When you arrive to Santiago after walking, biking or horse backing riding the Way, you have to fill out a short questionnaire to receive your Compostela (certificate). You have to check a box. The questionnaire asks you to check whether the reason for your walk was religious, spiritual, or for sport.
I think for most, the Camino is a little of each of these. I found that one of the most enjoyable details of walking the Way of Saint James was encountering small prayers along the way. At some moments, spaces or areas felt like hallowed ground,… a little like passing through a Native American burial ground or walking across a battle field or passing in front of a war memorial. Maybe there are many spirits still walking the Camino.
One thing is clear on the Way, Pilgrims have a thing about packing rocks. You pass mile markers (ie kilometer markers) with stones on top. You pass piles of rocks and patterns made of rocks. Pilgrims pack rocks around.
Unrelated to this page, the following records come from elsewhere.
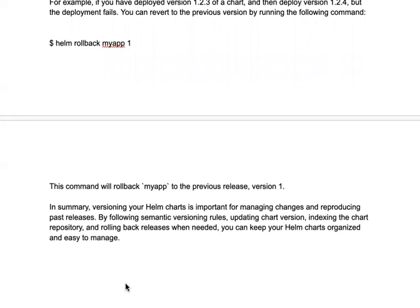The rollback will be smooth and the failed application deployment will not cause significant impact — it will be gracefully handled. In summary, versioning in Helm charts is important for managing changes and reproducing past releases. By following semantic versioning rules, updating chart versions, indexing chart repositories, and rolling back when needed, you can keep your Helm charts organized and easy to manage. Remember that going forward, we will always put a version to each incremental change we make to our Helm charts and applications.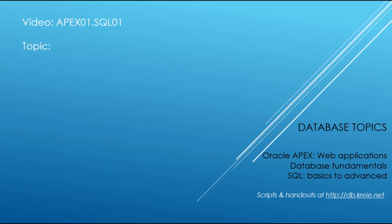In this video, we're going to take a longer look at the SQL commands that were used in APEX 01 and explain the naming convention for the related videos.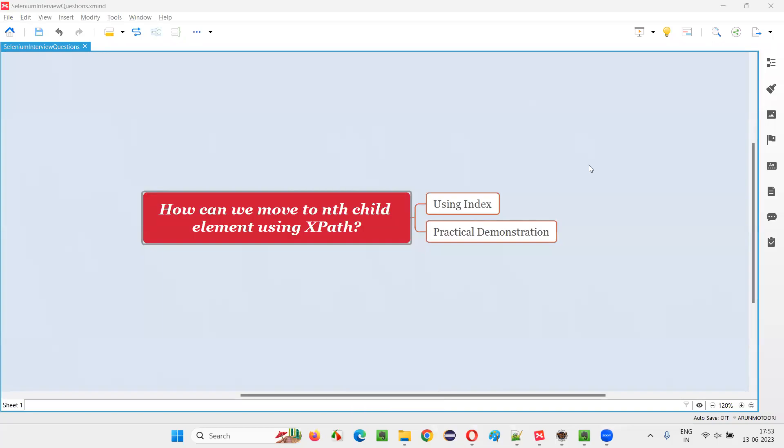Hello all, welcome to this session. In this session, I am going to answer one of the Selenium interview questions.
I think that it may be a method for starting and finishing a prayer. You pick up a rock, and the when you are done with your prayer, you set the rock down in some notable spot. Rock piles grow, mile markers accumulate rocks and periodically you find stray rocks with messages on them.
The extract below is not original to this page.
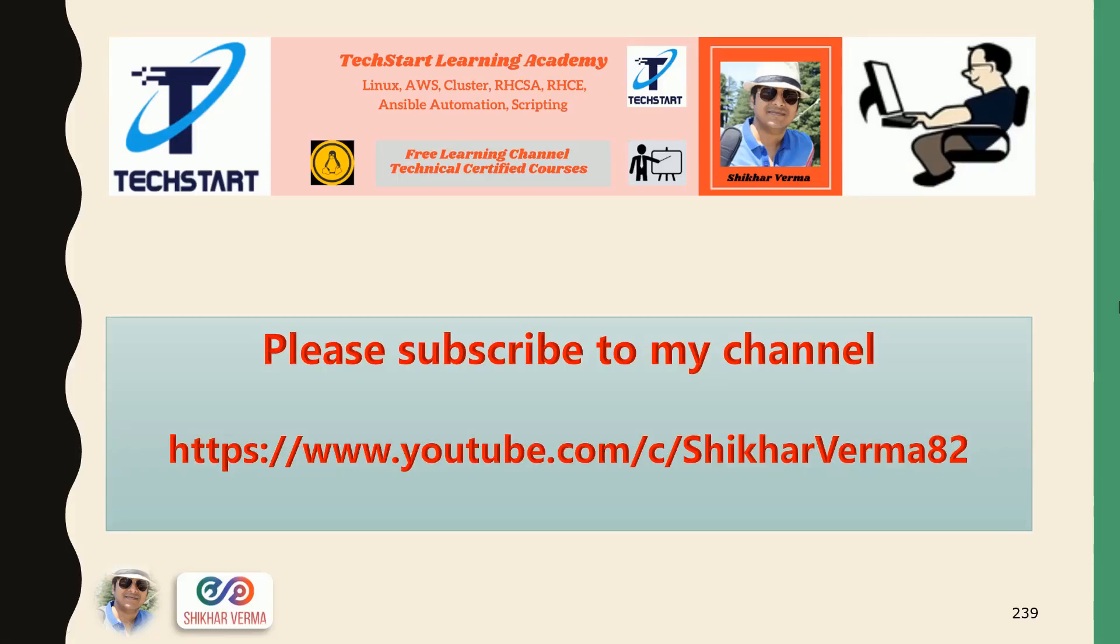Please subscribe to my YouTube channel and press the bell icon to get the latest updates and videos.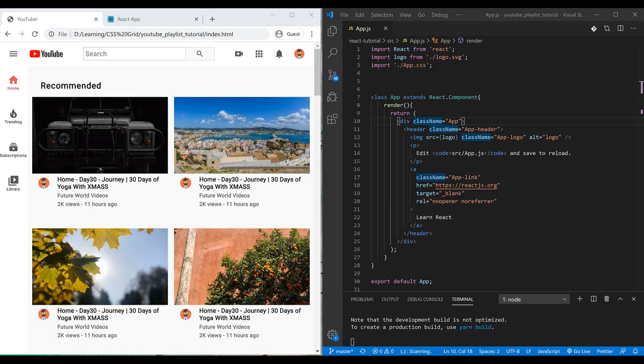Hello guys, welcome to this tutorial. As you probably know, I recently started making videos about the React.js library. This is the second episode — if you haven't watched the last episode yet, please go to the top link of this video and watch that first, because we talked about the basics of React in that video.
There are many small memorials along the trail where people died on the Camino. I counted eight small memorials, two of which were for clergymen.
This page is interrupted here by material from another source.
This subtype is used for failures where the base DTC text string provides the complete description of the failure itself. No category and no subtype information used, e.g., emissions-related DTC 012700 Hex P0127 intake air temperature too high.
The Camino offers anyone the chance to walk. There is no prerequisites or preparations required. You don’t have to sign a form declaring your physical shape. All you have to do to start on the trail is check into an alberguee, pay approximarely 12 euros for a “credential” where stamps of the albergues and holy places you visit are registered. This credential is presented as evidence that in fact you have walked, biked or horseback ridden the Way of Saint James once you get to Santiago. In short, anyone can walk the Camino and some don’t make it to the end.
Another method Pilgrims register small prayers is with graffiti. Some are sort of witty, and some are just happy, celebratory scribbles. There seems to an inordinate number of happy people on the Camino with permanent markers
Along the Way, you find a lot of small prayer memorials. These usually have mementos tied to them or piled around the bottom. Many times you see photos of people that might be the reason a Pilgrim is walking the Camino.
The small prayers you find along the really make the Camino de Santiago a special walk.
And I love to imagine the middle century pilgrims staggering along the paths, hoping to find a miracle at the end.